Task to complete
The entries below are to be copied exactly, with every picture left out.

━━━━━━━━━━

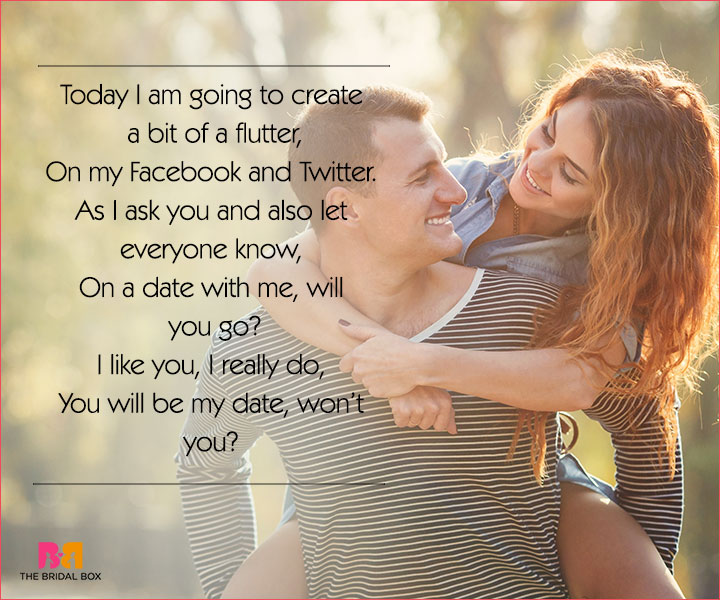 Cute Love Poems For Her - A Bit Of Flutter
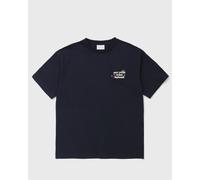 Drôle de Monsieur Vine Embroidered Slogan Tee men blue in taglia:S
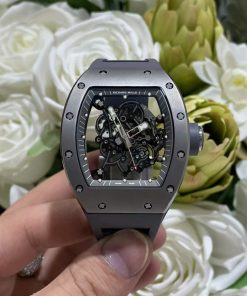 Richard Mille RM055 Titanium All Grey Limited Edition 1:1 Custom Made Replica Super Clone 42.7mm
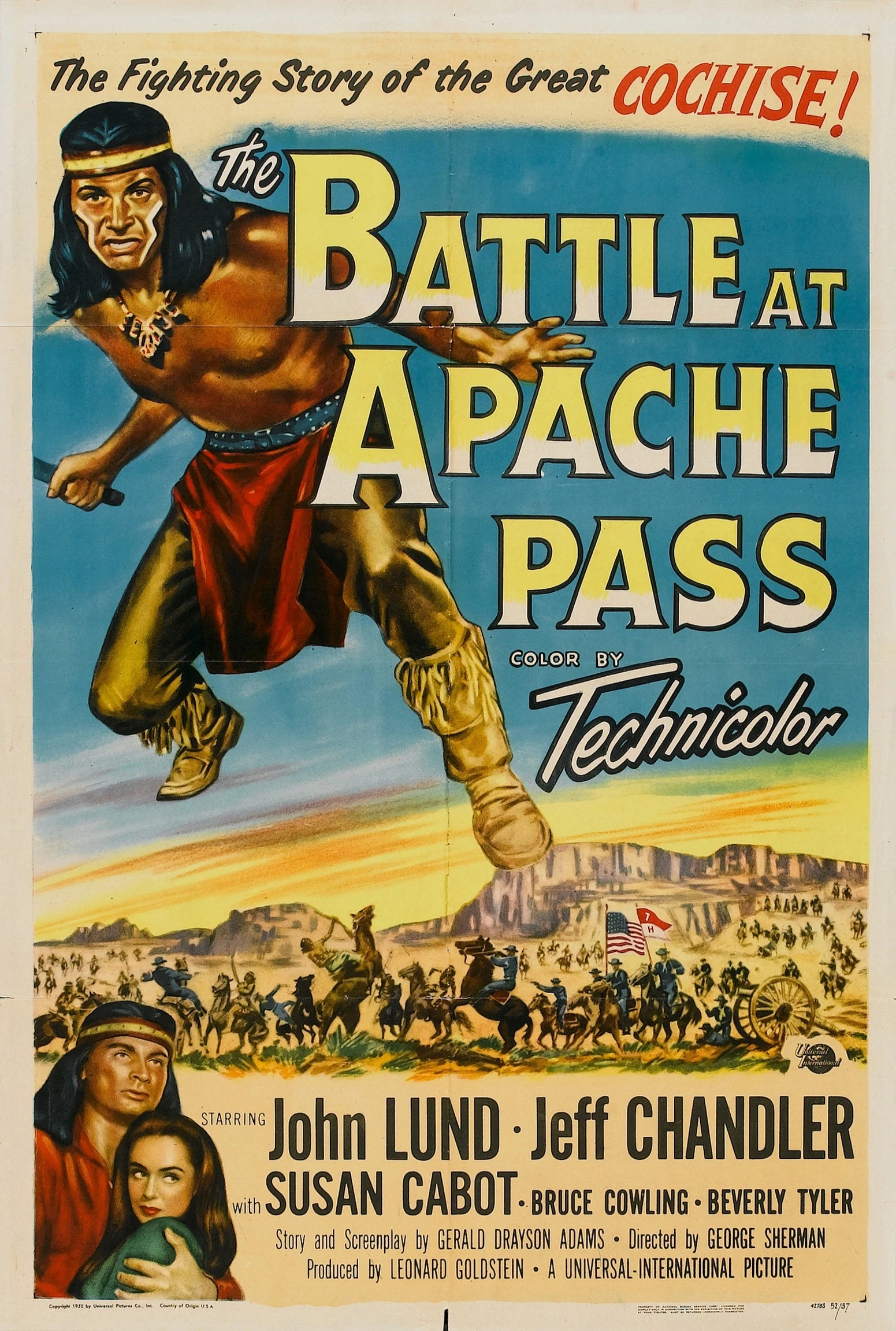 The Battle at Apache Pass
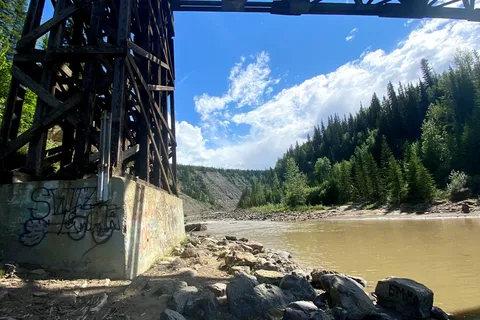 Kiskatinaw Provincial Park and Campground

━━━━━━━━━━

Result of the exercise
 Cute Love Poems For Her - A Bit Of Flutter
 Drôle de Monsieur Vine Embroidered Slogan Tee men blue in taglia:S
 Richard Mille RM055 Titanium All Grey Limited Edition 1:1 Custom Made Replica Super Clone 42.7mm
 The Battle at Apache Pass
 Kiskatinaw Provincial Park and Campground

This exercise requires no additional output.